* **WORK INSTRUCTION**: Locate the line containing "Forest Management: To" in the material below. Copy that line and all following lines through the end exactly, omitting any pictures.

* **RECORDED INFORMATION**:
▶

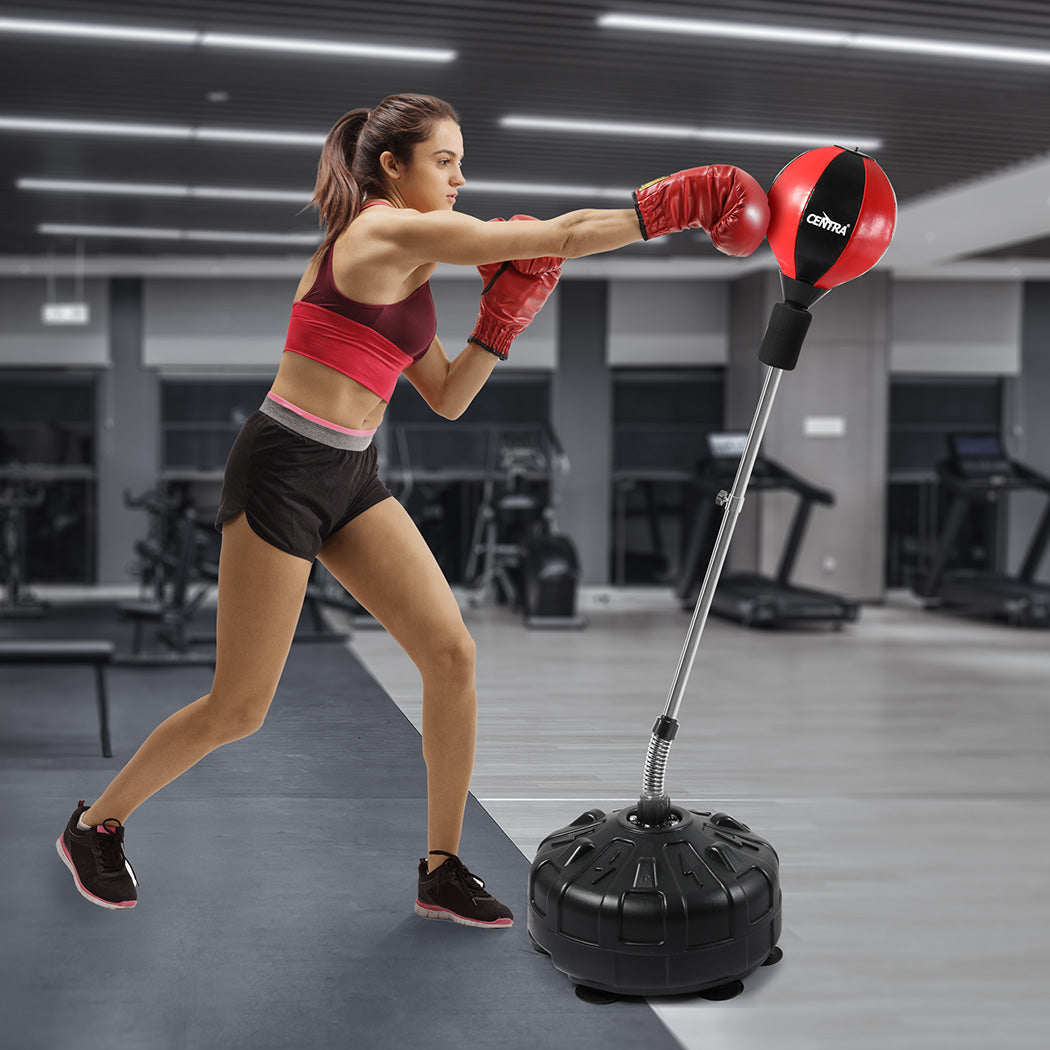 Boxing Punching Bag Speed Ball Free Standing Reflect Reaction Training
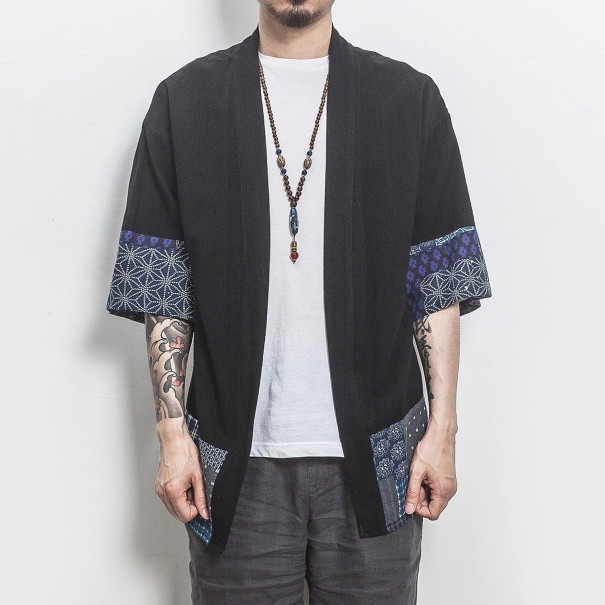 Herrecardigan F726 sort XS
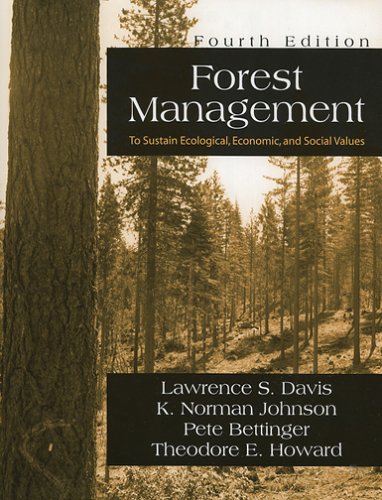 Forest Management: To Sustain Ecological, Economic, and Social Values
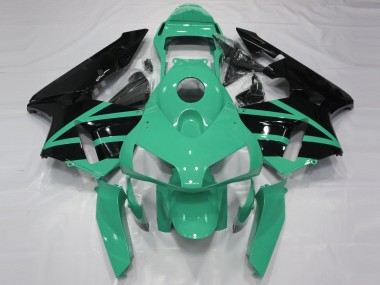 2003-2004 Mint Green Gloss Black Honda CBR600RR Motorcycle Fairings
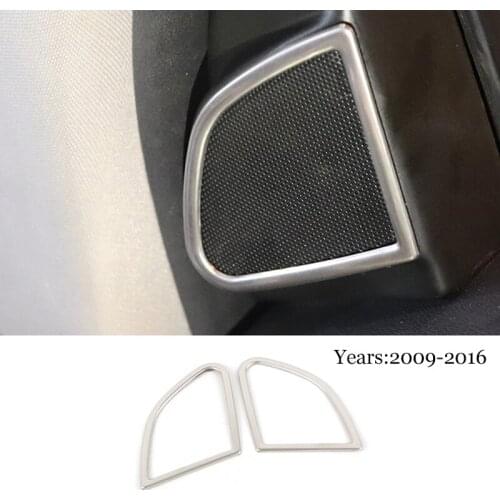 For Volvo XC60 2009-2016 Car Styling Inner Sound Stickers Horns Speaker Music Cover Audio Trim Auto Accessories 2pcs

◀

* **RESPONSE TO THIS TASK**:
 Forest Management: To Sustain Ecological, Economic, and Social Values
 2003-2004 Mint Green Gloss Black Honda CBR600RR Motorcycle Fairings
 For Volvo XC60 2009-2016 Car Styling Inner Sound Stickers Horns Speaker Music Cover Audio Trim Auto Accessories 2pcs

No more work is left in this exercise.